**Information supplied:**
++++++
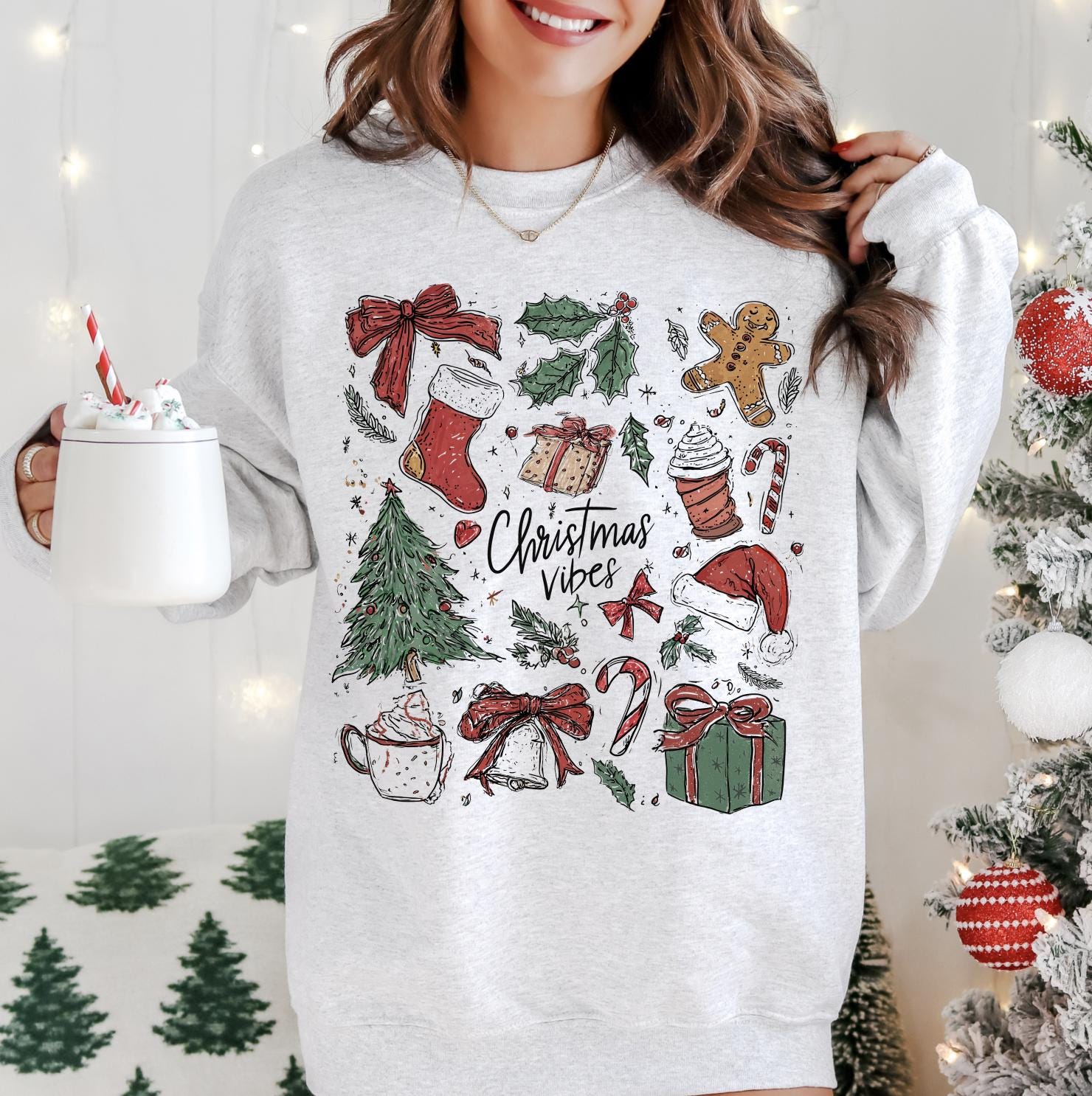 Hand drawn Christmas Icons DTG Printed Christmas Sweatshirt or T-Shirt | Cute Holiday Graphic Tee | Trendy Christmas Shirt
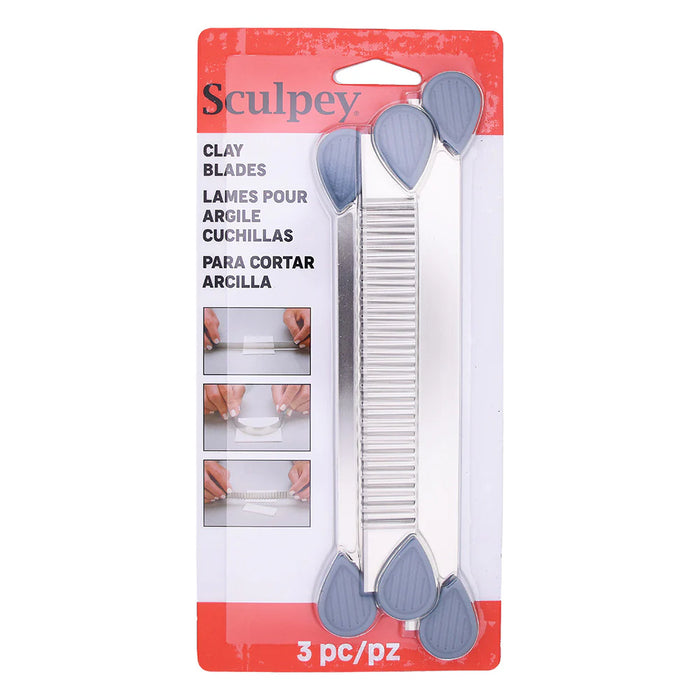 Sculpey: Tools Clay Blades Set of 3 - Stainless-Steel, Type Blades: Rigid - Wavy - Flexible, Snap On Handles, Cutting Tool, Arts & Crafts Supplies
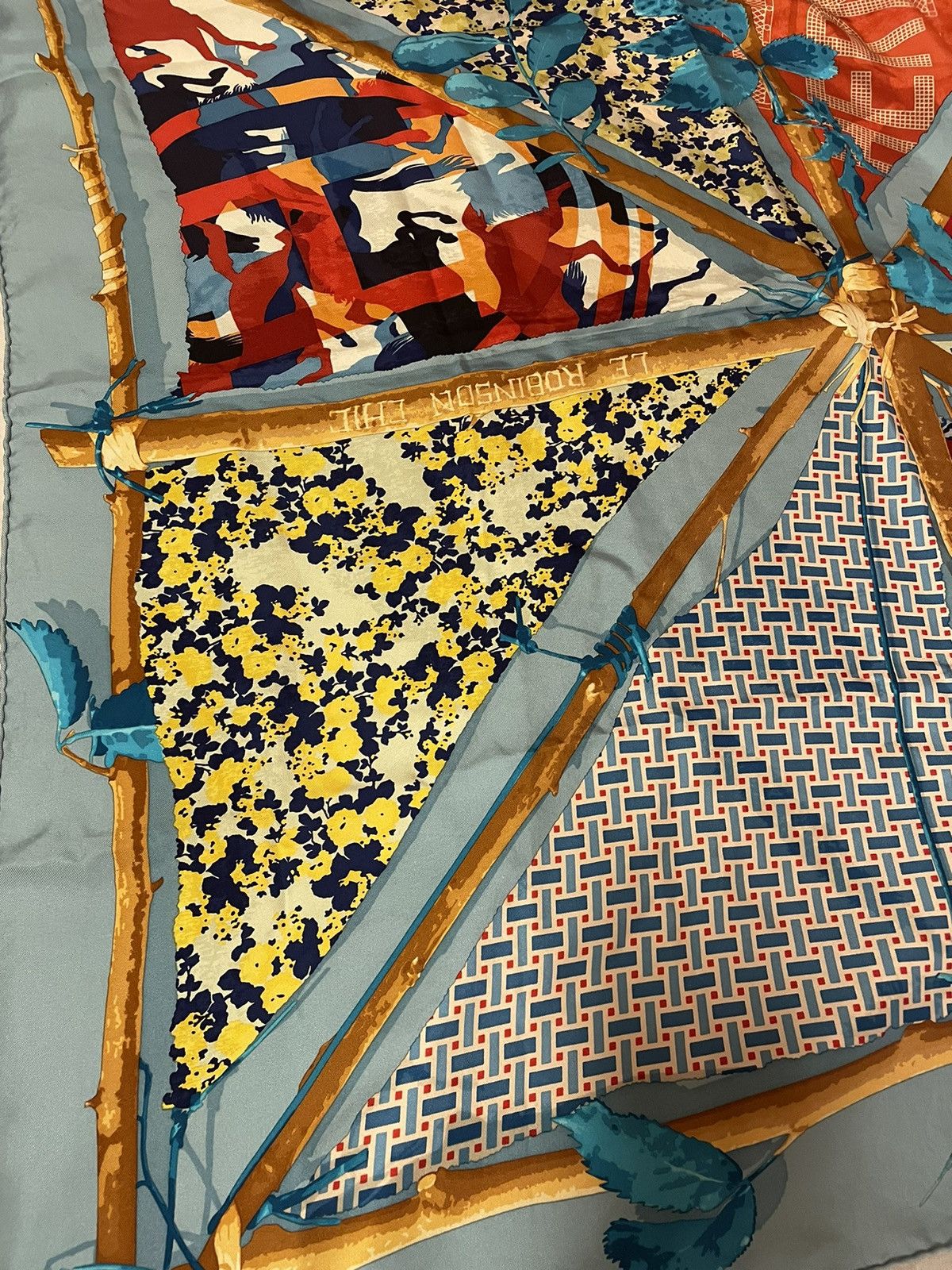 Hermes × Vintage Le Robinson Chic Hermès Silk Scarf Size ONE SIZE - 6 Thumbnail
++++++
**The task:** Please copy out each line above exactly as written, but not the pictures.

**Task solution:**
 Hand drawn Christmas Icons DTG Printed Christmas Sweatshirt or T-Shirt | Cute Holiday Graphic Tee | Trendy Christmas Shirt
 Sculpey: Tools Clay Blades Set of 3 - Stainless-Steel, Type Blades: Rigid - Wavy - Flexible, Snap On Handles, Cutting Tool, Arts & Crafts Supplies
 Hermes × Vintage Le Robinson Chic Hermès Silk Scarf Size ONE SIZE - 6 Thumbnail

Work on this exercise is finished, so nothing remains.